OTTAWA — Le Directeur parlementaire du budget estime que la «tarification du carbone» mise en place dans quatre provinces canadiennes pourrait rapporter à Ottawa plus de 500 millions $ en recettes de TPS d’ici deux ans.

Dans un rapport publié mardi, le Directeur parlementaire du budget estime que la taxe fédérale sur les produits et services (TPS) prélevée sur les mesures de tarification du carbone au Québec, en Ontario, en Alberta et en Colombie-Britannique pourrait rapporter entre 236 millions $ et 267 millions $ d’ici la fin de l’exercice financier, et entre 265 millions $ et 313 millions $ l’année suivante.

Au Québec, ces recettes fédérales pourraient atteindre entre 36 millions $ et 40 millions $ environ d’ici avril, et entre 38 millions $ et 42 millions $ l’année suivante.

Les libéraux de Justin Trudeau ont promis que toutes les recettes tirées de la tarification du carbone resteraient dans les provinces et territoires où elles ont été générées. Les provinces s’interrogent toutefois sur cet engagement, puisqu’Ottawa tirera lui-même des recettes de sa TPS de 5,0 pour cent imposée au prix des produits et des services.
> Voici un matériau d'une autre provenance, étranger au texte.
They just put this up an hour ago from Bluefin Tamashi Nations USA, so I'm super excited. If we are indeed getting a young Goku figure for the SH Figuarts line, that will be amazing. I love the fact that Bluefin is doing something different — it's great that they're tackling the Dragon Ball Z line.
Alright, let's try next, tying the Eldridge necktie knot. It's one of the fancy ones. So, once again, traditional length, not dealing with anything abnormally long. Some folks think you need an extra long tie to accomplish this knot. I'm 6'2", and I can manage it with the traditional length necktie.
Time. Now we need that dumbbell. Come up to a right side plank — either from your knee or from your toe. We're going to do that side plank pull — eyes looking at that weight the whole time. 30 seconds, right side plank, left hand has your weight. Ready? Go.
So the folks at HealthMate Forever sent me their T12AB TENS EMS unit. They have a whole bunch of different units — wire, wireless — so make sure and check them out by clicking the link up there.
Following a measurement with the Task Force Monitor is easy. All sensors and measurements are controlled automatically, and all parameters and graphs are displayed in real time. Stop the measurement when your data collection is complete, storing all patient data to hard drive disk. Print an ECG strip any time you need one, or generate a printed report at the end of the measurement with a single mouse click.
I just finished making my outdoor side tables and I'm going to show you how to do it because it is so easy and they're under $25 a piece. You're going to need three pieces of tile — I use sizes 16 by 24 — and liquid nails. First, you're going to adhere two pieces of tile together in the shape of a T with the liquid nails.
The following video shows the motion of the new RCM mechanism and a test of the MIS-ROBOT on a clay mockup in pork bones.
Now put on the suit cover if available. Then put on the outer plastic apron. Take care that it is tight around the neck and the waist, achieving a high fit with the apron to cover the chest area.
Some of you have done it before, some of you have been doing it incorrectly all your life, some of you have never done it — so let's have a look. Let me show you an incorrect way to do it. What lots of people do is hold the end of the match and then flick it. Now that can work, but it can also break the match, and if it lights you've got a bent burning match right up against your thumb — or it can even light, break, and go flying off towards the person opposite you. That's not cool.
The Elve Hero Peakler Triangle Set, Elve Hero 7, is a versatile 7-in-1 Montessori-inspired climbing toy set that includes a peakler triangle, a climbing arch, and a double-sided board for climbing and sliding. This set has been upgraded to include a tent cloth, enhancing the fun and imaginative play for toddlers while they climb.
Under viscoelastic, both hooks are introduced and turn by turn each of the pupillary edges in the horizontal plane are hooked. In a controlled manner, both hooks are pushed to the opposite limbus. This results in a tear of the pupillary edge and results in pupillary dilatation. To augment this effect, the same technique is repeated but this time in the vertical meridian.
Le directeur parlementaire du budget, Jean-Denis Fréchette, estime que l’analyse de son bureau peut être utile aux Canadiens afin de «déterminer l’impact d’une politique pancanadienne de tarification du carbone sur les recettes de la TPS».

Le gouvernement libéral devrait déposer l’an prochain un projet de loi qui imposerait une tarification du carbone aux provinces qui ne respecteraient pas déjà les normes fédérales en cette matière. Le plan fédéral prévoit un tarif initial de 10 $ la tonne d’émissions polluantes de carbone en 2018, qui augmenterait ensuite de 10 $ chaque année pour atteindre 50 $ la tonne en 2022.

Le Québec et l’Ontario ont déjà opté pour un système de tarification du carbone fondé sur le plafonnement et l’échange de droits d’émission — communément appelé «bourse du carbone». Le coût des droits d’émission (prix aux enchères) peut être transféré au consommateur par une augmentation du prix de vente, rappelle le Directeur parlementaire du budget.

L’Alberta et la Colombie-Britannique ont plutôt opté pour une «taxe sur le carbone», qui est déjà comprise dans le prix final des produits comme le diesel, l’essence, le gaz naturel et le propane.